Everyone suffers differently. I can barely walk due to my arthritis so I would never attempt a jumping jack, however i have absolutely no problem opening jars or tying my shoe lace and I hear so much about people who can barely hold a pen. I think we all know no one is the same. Just take what you need from the advice Ashley gives. No one person has all the answers. Ashley is just sharing her own experiences and what works for her. There are people that appreciate the suggestions given by someone who also has arthritis. Sometimes that advice seems more sound than advice by a rheumatologist who studies this field of medicine but doesn’t know what it’s like to live it! Ashley, I wouldn’t even acknowledge the negativity, it is not conducive to healing!! I think you’re great 🙂
I, like Ashley, have juvenile onset of Polyarticular Rheumatoid Arthritis, I was diagnosed at age 15 and am now 27, when I was first diagnosed I seen a physical therapist whom told me I shouldn’t run, jump, roller blade, or play sports. My Rheumatologist at the time said that was absolutely not true, I could do whatever I wanted to as long as I was able, as in the exercise was not causing my real pain. Over the course of my almost 12 year journey I have seen three different Rheumatologists whom have all told me the same thing, exercising and being active are essential for your health and also actually HELP with RA. You do what you can when you can, obviously in the midst of a flare you probably aren’t going to run a marathon, but I have ran numerous 10ks, 2 half marathons, and a ten mile road race and I regularly work out doing running, jumping, weight lifting, and yoga. You ABSOLUTELY can and should indeed work out when you have RA, you might need modifications, but movement helps yours joints!!!
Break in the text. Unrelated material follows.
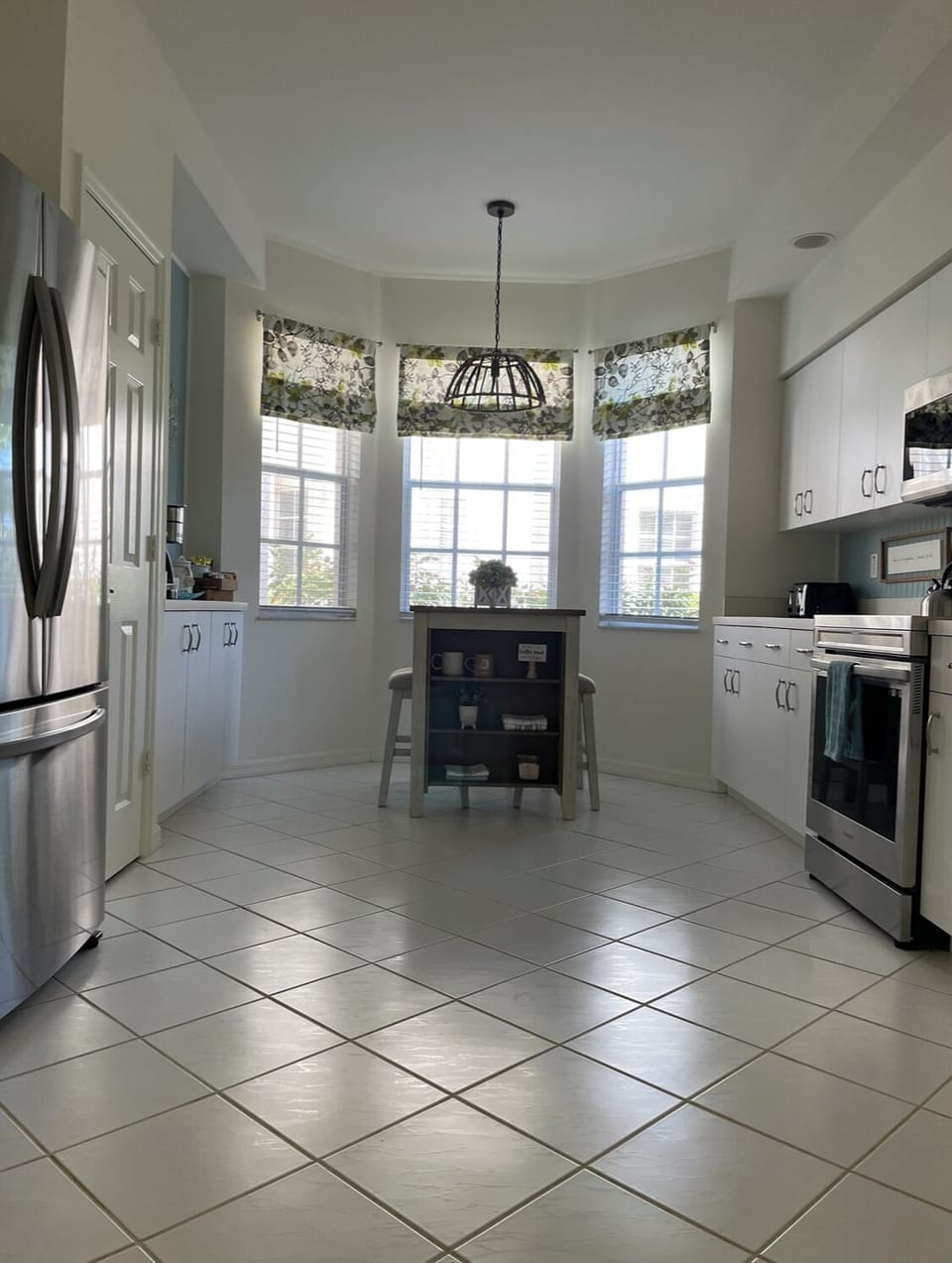 Kitchen coffee breakfast area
Ashley does know firsthand about suffering from rheumatoid arthritis and to suggest otherwise is insulting. I’ve followed her for a few years and she always shares her personal trials and tribulations. There isn’t a “one size fits all” when dealing with these conditions. The take away from this blog is there are options that “May” work for you but Always pay attention to your body and consult your doctor!